Prior to the Big Data revolution, organizations were inward-looking in terms of data. During this time, data-centric environments like data warehouses dealt only with data created within the enterprise. But with the advent of data science and predictive analytics, many organizations have come to the realization that enterprise data must be fused with external data to enable and scale a digital business transformation. 

This means that processes for identifying, sourcing, understanding, assessing and ingesting such data must be developed.


- Data Processing and Analytics

Data Processing largely has three primary goals: a. determines if the data collected is internally consistent; b. make the data meaningful to other systems or users using either metaphors or analogy they can understand; and (what many consider most importantly) provide predictions about future events and behaviours based upon past data and trends. Being a very vast field with rapidly changing technologies governing its operation, this section will largely concentrate on the most commonly used technologies in data analytics. Data analytics requires four primary conditions to be met in order to carry out effective processing: fast, data loading, fast query processing, efficient utilisation of storage and adaptivity to dynamic workload patterns. The analytical model most commonly associated with meeting this criteria and with big data in general is MapReduce, detailed below. 


- Data Governance

Data governance is a requirement in today’s fast-moving and highly competitive enterprise environment. Now that organizations have the opportunity to capture massive amounts of diverse internal and external data, they need a discipline to maximize their value, manage risks, and reduce cost. 

Data governance is a collection of processes, roles, policies, standards, and metrics that ensure the effective and efficient use of information in enabling an organization to achieve its goals. It establishes the processes and responsibilities that ensure the quality and security of the data used across a business or organization. Data governance defines who can take what action, upon what data, in what situations, using what methods. 

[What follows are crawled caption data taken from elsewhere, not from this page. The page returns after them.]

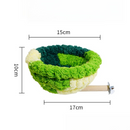 2-in-1 Parrot Perch Warm Bed Nest, Coral Fleece Hanging Bird Cage Sleeping Hut for Budgies, Cockatiels, Lovebirds, and Small Parrots - Winter Warm House - Green-9
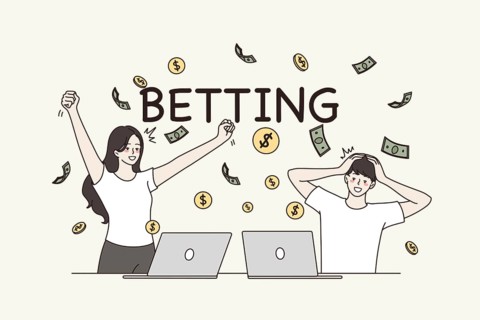 Online betting and bet service concept. sports game. Young happy smiling couple cartoon characters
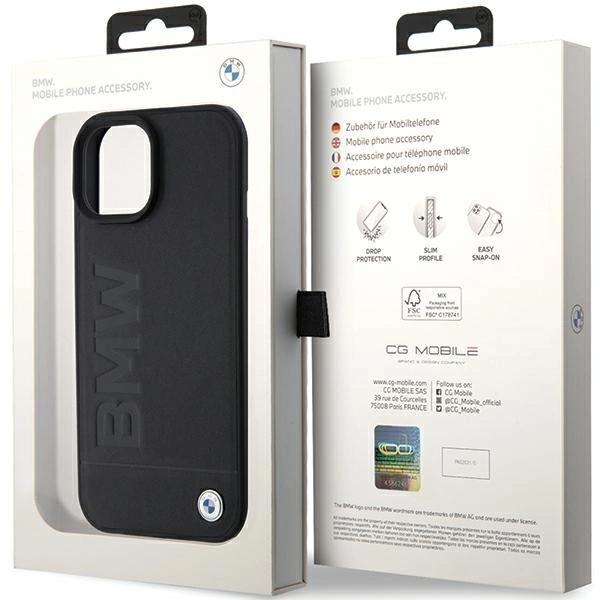 Bmw Leather Hot Stamp Case For Iphone 15 - Black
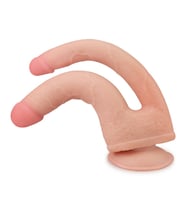 ve Vajinal kullanıma Uygun Çift Katmanlı Esnek Dokulu Çift Başlı Dildo Penis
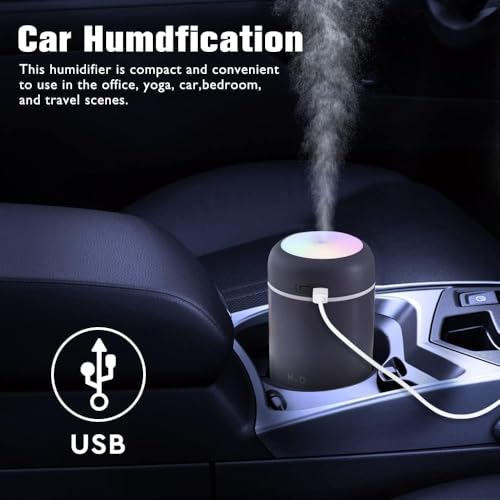 Image of Portable USB Mini Humidifier for room moisture | Cool Mist Aroma Diffuser | Quiet Ultrasonic Air Humidifier for Bedroom, Office, Car & Home | 300ml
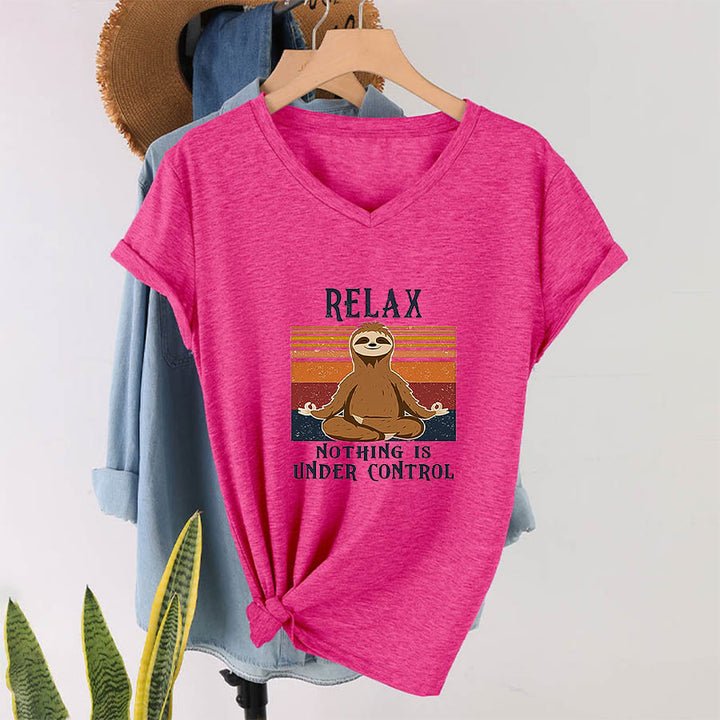 Olivenorma Meditating Sloth "Relax Nothing Is Under Control" Print V-Neck T-Shirt - image 34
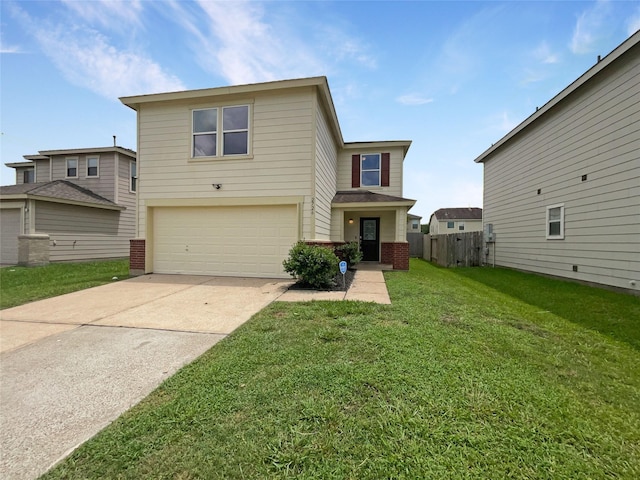 view of front property with a garage and a front lawn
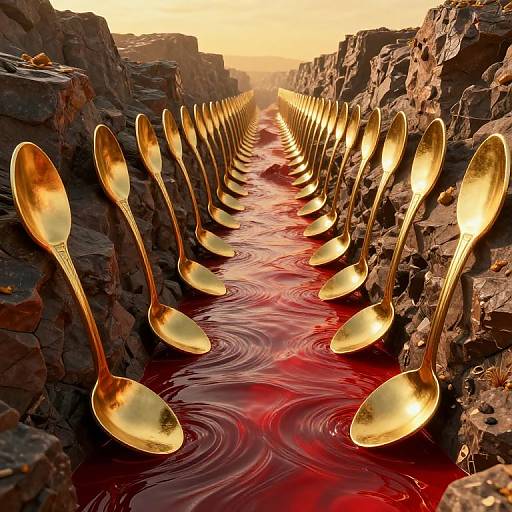 Digital artwork of a row of gold spoons standing upright in a flowing, red liquid between rocky terrain at sunset.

A well-crafted data governance strategy is fundamental for any organization that works with big data, and will explain how your business benefits from consistent, common processes and responsibilities. Business drivers highlight what data needs to be carefully controlled in your data governance strategy and the benefits expected from this effort. This strategy will be the basis of your data governance framework. 

Data Governance is the act of managing raw big data as well as the processed information that arises from big data in order to meet legal, regulatory and business imposed requirements. While there is no standardized format for data governance, there have been increasing call with various sectors (especially healthcare) to create such a format to ensure reliable, secure and consistent big data utilisation across the board.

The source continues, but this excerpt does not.